Since it opened, around 200 veterans have come through the gym, TMS Hub, where they feel understood, he said. Such a space is important in a society where, as Mr. Grot said, “we have a big gap between the guys who went to the war and the ones who didn’t.”

That gap is visible even in friendly training, said the gym’s main coach, Oleh Iskra, who has trained both civilians and soldiers. “I need to teach them to be able to lose,” he said. Even while practicing, he said, “they turn it into a battle.”

The athletes he now coaches have spent months learning to use a prosthetic limb. He tells them to take it off and then teaches them how to fight without it.

“I need to separate what they cannot do because they don’t know how to do it right now from when they can’t do something because they can’t do it,” Mr. Iskra said. The barriers they face in the fight are often more mental than physical, he said.

Bohdan Ivasyshyn, 24, said of a land-mine explosion that took his left arm and eye: “I thought I would die and that’s it. I accepted it. I couldn’t understand why I survived.”

The community he found through jujitsu, he said, has returned color to his days. On a recent Saturday at TMS Hub, he grappled with Oleksandr Dashko, 29, who lost his left leg at the front and later climbed to Everest base camp on a prosthesis.

Last month, when the club organized a day out on the river, Mr. Ivasyshyn built up the courage to try a standing wake board. He crashed several times but eventually kept himself upright with just one arm. From the dock, his friends, many with missing legs, cheered him on.

Oleksandr Yaremenko, 39, was on the other side of the river that day, trying out a paddle board. Since losing his leg last year, he had been frustrated by a clunky prosthesis that got in the way of sports. Within days of getting a lighter one from the Protez Foundation, he had joined a morning group run. He headed straight to jujitsu training that afternoon.
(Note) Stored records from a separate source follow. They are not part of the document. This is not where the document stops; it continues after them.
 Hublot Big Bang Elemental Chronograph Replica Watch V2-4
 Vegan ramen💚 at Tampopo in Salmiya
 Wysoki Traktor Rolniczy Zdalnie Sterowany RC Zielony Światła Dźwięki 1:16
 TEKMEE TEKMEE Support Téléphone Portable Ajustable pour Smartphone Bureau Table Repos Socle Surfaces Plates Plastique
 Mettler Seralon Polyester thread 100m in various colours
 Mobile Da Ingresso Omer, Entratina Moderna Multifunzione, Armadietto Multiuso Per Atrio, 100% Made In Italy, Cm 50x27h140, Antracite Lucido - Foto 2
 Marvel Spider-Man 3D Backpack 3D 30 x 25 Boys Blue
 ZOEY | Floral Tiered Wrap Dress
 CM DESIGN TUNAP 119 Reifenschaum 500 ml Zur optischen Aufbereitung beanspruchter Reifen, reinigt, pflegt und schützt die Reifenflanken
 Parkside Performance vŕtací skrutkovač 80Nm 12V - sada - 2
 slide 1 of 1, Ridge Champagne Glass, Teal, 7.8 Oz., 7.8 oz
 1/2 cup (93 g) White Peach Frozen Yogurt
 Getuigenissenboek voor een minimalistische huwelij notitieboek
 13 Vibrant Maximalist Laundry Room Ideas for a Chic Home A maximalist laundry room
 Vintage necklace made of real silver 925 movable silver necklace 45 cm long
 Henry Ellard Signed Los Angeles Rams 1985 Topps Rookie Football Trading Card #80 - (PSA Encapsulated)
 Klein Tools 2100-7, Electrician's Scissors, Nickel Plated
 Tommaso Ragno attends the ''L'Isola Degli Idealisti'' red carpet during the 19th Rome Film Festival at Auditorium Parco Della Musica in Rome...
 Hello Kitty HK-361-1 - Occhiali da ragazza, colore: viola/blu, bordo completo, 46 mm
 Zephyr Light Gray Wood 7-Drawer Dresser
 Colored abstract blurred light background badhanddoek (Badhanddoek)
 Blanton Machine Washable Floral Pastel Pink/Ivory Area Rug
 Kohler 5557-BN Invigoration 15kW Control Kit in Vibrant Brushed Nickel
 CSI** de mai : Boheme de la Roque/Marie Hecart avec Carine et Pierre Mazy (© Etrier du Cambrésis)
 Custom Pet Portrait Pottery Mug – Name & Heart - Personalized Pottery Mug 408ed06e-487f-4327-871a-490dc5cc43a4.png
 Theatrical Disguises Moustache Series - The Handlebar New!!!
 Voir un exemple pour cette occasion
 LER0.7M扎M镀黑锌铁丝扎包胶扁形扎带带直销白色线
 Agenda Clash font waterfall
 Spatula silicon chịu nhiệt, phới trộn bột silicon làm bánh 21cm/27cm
“The main thing was to get out alive,” he said of the day he was wounded. “Losing a limb is not a problem.”

Mr. Yaremenko still hopes to return to a military role, probably in air defense, as soon as he can stand on his prosthesis for a 12-hour shift.

Mr. Kuzmenko, on the other hand, knows his special-forces days are most likely over.

For months after losing his leg in the eastern city of Toretsk in 2024, he could remember every second of the 13 hours he waited for rescue. Collapsing when a Russian bullet pierced his hip bone. Dragging himself into an abandoned house. The pain of tightening tourniquets around his limp leg. Using his own blood to write a message for help.

The hardest part, though, was learning that his friend Roman, one of the soldiers who eventually saved him, was killed when he returned to collect ammunition from the same area the next day. Time, along with the community Mr. Kuzmenko has built, has helped.

When he took off on the wake board last month, he wasn’t thinking about his injury. Instead, he remembered Roman, who loved a good adventure. Mr. Kuzmenko said he hoped his friend was watching from above and thinking, “OK, not bad.”